Originally published October 2012, completely revised, August 2016.
During my formative years, I formed many things: nice tits, a great ass and a strong aversion to American folk music. Part of that aversion had to do with a brief period in my youth when my mother went through a phase where she incessantly played John Denver records.
She can’t explain it either, and wished I hadn’t reminded her.
Imagine a pretty little girl with a complexion of strawberries-and-cream and a perpetual smile on her face. The camera pans in as she happily plays with her dollies as rock ‘n’ roll plays in the background. Suddenly, the music stops, and after a few minutes, the sounds of “Take Me Home, Country Roads” fills the air. The camera goes in for a close up. As the music plays, the little girl’s expression of innocent delight transforms into a dark, distorted, twisted grimace as if she has just swallowed poison. She lets out a bloodcurdling scream . . . the screen goes dark . . . and the next scene begins with a gaggle of decapitated dolls strewn across the floor.
I hope I’ve made my feelings about John Denver clear.
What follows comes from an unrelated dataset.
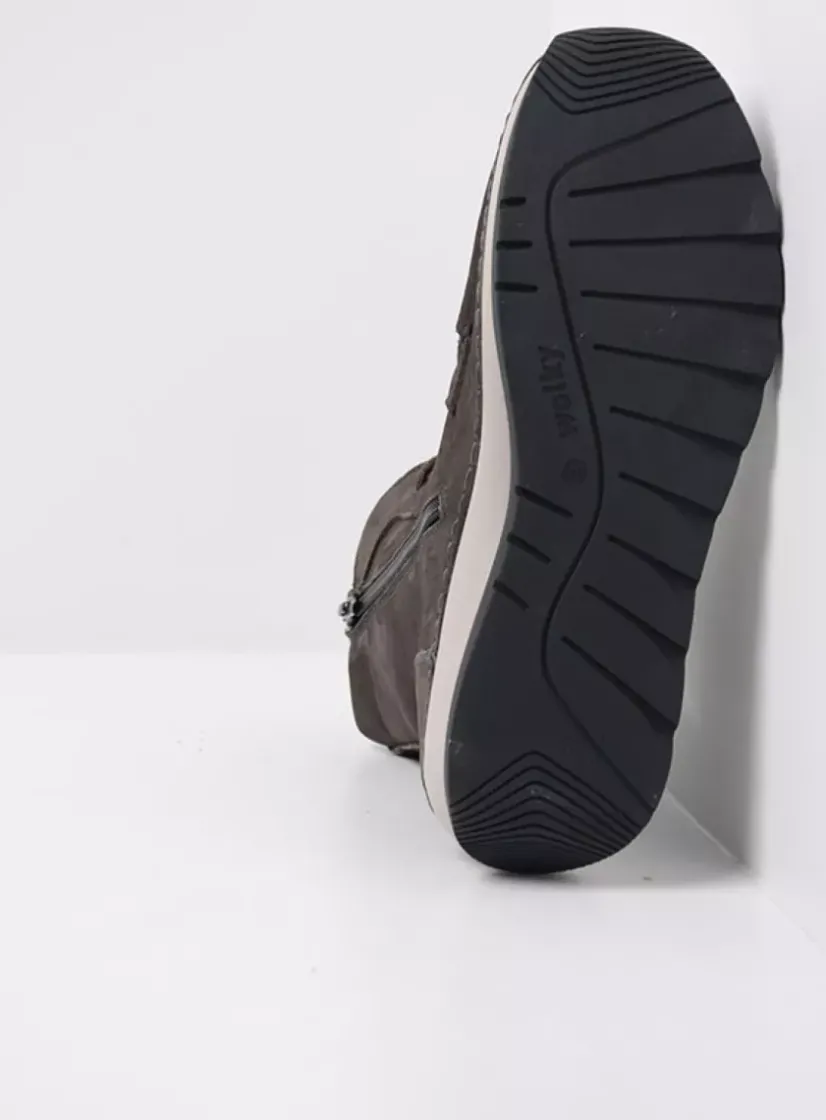 Wolky Ocean - asfalt nubuck<DAMES Hoge Veterschoenen|Veterlaarzen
American folk music has never grabbed me for a number of reasons. For the most part, it’s musically boring and predictable. I know that many people in my parents’ generation think that Bob Dylan is a lyrical genius, and while I wouldn’t go that far, some of his lyrics are better than decent. But Dylan is anything but a musical genius—you can pick up the chords to almost any Dylan song in about five minutes. Woody Guthrie followed the same model: focus on the words, keep the music simple.
I do like folk music from the other side of the pond, particularly Fairport Convention, June Tabor, Steeleye Span and a few others. I am quite passionate about Bulgarian folk music with its weird time signatures and soaring melodies. Lately I’ve become interested in North African folk and chaabi, in part because of my current proximity to Africa and the large number of Moroccan and Algerian immigrants in the area. But when it comes to American folk music, the only artists whose work I truly admire are Phil Ochs and Malvina Reynolds. The vast archives of American folk music hold little interest for me except for a couple of Ramblin’ Jack Elliot renditions, some Leonard Cohen stuff (as long as someone else is singing it), and this one album by Dave Van Ronk.
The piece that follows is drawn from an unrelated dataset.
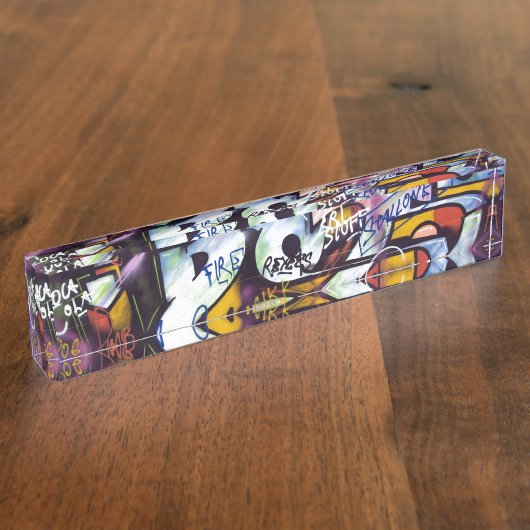 グラフィティカラフルワード デスクネームプレート (側面)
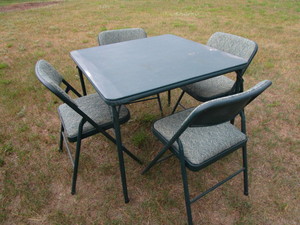 lot 112 image: Card Table, Four Chairs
Dave Van Ronk was an interesting guy—a big, burly, gruff-voiced Brooklynite who relocated to Greenwich Village in his teens and became a serious student and interpreter of American folk music. His autobiography, The Mayor of MacDougal Street, is a hoot, a free-wheeling coming-of-age story, most of which took place during the folk music revival in the early 60’s. In addition to some great stories of the life of a wayward musician, he shared his thoughts on music, and one particular quote caught my eye: a lesson he learned from one of his mentors, Jack Norton:
Never use two notes when one will do. Never use one note when silence will do. The essence of music is punctuated silence. Van Ronk, Dave (2013-10-15). The Mayor of MacDougal Street [2013 edition]: A Memoir (p. 11). Da Capo Press. Kindle Edition.
That’s my Count Basie Theory in a nutshell!
Whether it was song selection, empty spaces or excellent interpretive skills, there is something about Dave Van Ronk’s approach that made American folk music come alive for me. Folksinger is filled with the kind of music that lifts you out of the daily routine and immerses you in a series of all-too human tales of love, betrayal, addiction and loss.
“Samson and Delilah” opens the album, a traditional song Van Ronk learned from mentor Reverend Gary Davis, though recorded under a different title as far back as 1927 by Blind Willie Johnson. What I love about this retelling of the biblical story is that it focuses on the human aspect rather than the spiritual. The Bible has some great stories, but when the various authors shift to moralizing I tune out completely. Here we get two verses that describe Samson as an uncivilized Neanderthal of exceptional strength without any reference to him being “god-fearing.” Delilah’s entry into the scene is described in the same language that later blues musicians would use to describe a hot babe’s grand entrance into the juke joint:
Well, Delilah was a woman, she was fine and fair,
She had lovely looks, God knows, and coal black hair
Delilah worked fast, like Mata Hari on speed:
Well, Delilah climbed up on Samson’s knee,
“Now tell me where your strength lie, if you please?”
Well, she talked so fine, God knows, she talked so fair,
Well now, Samson said, “Delilah, you can shave my hair,
You can shave my hair just as soon as you can
And my strength will be that of a natural man.”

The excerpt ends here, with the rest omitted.